Ed does not add that the same can be said of the British strategy of carpet bombing German cities during that same war. The point is not unassailable, but it has been argued by at least one historian that the massive air attacks on German civilians during WWII tended to strengthen, or at least not reduce, the will to resist among ordinary Germans, and did next to nothing to harm the German economy. It was the U.S. targeted bombing of German military and industrial sites that brought down Germany's economy -- ironically, given the fact that the U.S. reversed its strategy in the case of Japan, killing about 900,000 civilians in the firebombing of Japanese cities, and at least 200,000 in the combined atomic bombings of Hiroshima and Nagasaki (immediately and in the first five years after).

And in the instance of the current fighting between Lebanon and Israel, attacks on civilians on either side are likely to make the will to resist stronger, not weaker. It's not logical to believe that Israeli civilians will respond to Hezbollah's attacks with increased support for the Israeli military; and at the same time argue that Lebanese civilians will respond to Israel's attacks on civilians with decreased support for Hezbollah.

And the Bush administration is once again demonstrating that its ideological sympathies are closer to that of Stalinism or Nazism than to Jeffersonian democracy:

A draft Bush administration plan for special military courts seeks to expand the reach and authority of such "commissions" to include trials, for the first time, of people who are not members of al-Qaeda or the Taliban and are not directly involved in acts of international terrorism, according to officials familiar with the proposal.
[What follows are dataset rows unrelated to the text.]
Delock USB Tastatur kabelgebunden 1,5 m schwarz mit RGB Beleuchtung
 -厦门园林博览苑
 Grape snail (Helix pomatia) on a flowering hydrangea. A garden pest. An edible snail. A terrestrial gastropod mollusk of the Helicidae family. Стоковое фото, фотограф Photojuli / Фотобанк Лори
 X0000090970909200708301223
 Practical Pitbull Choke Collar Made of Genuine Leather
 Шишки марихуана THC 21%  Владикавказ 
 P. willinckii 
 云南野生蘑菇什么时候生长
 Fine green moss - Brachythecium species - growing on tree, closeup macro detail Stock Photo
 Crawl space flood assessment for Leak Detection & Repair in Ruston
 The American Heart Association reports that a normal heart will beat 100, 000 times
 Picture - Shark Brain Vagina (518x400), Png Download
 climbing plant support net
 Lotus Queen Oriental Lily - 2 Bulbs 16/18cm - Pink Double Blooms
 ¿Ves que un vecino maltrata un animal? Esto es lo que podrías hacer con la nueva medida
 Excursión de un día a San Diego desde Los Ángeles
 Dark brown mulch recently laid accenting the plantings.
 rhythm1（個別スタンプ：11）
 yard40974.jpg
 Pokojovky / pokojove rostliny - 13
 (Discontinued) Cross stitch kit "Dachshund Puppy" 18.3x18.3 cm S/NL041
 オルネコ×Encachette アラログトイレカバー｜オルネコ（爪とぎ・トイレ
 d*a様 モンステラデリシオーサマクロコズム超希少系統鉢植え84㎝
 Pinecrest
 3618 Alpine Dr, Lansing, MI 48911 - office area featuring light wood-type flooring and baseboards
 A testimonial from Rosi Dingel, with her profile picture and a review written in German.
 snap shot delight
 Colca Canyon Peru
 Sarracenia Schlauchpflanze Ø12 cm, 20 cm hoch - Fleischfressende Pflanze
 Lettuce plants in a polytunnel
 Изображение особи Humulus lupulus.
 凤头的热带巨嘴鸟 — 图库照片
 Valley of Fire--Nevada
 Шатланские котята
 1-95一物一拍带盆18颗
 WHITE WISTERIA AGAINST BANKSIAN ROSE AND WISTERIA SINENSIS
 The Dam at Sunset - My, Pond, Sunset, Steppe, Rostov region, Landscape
The plan, which would replace a military trial system ruled illegal by the Supreme Court in June, would also allow the secretary of defense to add crimes at will to those under the military court's jurisdiction. The two provisions would be likely to put more individuals than previously expected before military juries, officials and independent experts said.

The draft proposed legislation, set to be discussed at two Senate hearings today, is controversial inside and outside the administration because defendants would be denied many protections guaranteed by the civilian and traditional military criminal justice systems.

Under the proposed procedures, defendants would lack rights to confront accusers, exclude hearsay accusations, or bar evidence obtained through rough or coercive interrogations. They would not be guaranteed a public or speedy trial and would lack the right to choose their military counsel, who in turn would not be guaranteed equal access to evidence held by prosecutors.

Detainees would also not be guaranteed the right to be present at their own trials, if their absence is deemed necessary to protect national security or individuals.

An early draft of the new measure prepared by civilian political appointees and leaked to the media last week has been modified in response to criticism from uniformed military lawyers. But the provisions allowing a future expansion of the courts to cover new crimes and more prisoners were retained, according to government officials familiar with the deliberations.
[...]
Some independent experts say the new procedures diverge inappropriately from existing criminal procedures and provide no more protections than the ones struck down by the Supreme Court as inadequate. John D. Hutson, the Navy's top uniformed lawyer from 1997 to 2000, said the rules would evidently allow the government to tell a prisoner: "We know you're guilty. We can't tell you why, but there's a guy, we can't tell you who, who told us something. We can't tell you what, but you're guilty."

Bruce Fein, an associate deputy attorney general during the Reagan administration, said after reviewing the leaked draft that "the theme of the government seems to be 'They are guilty anyway, and therefore due process can be slighted.' " With these procedures, Fein said, "there is a real danger of getting a wrong verdict" that would let a lower-echelon detainee "rot for 30 years" at Guantanamo Bay because of evidence contrived by personal enemies.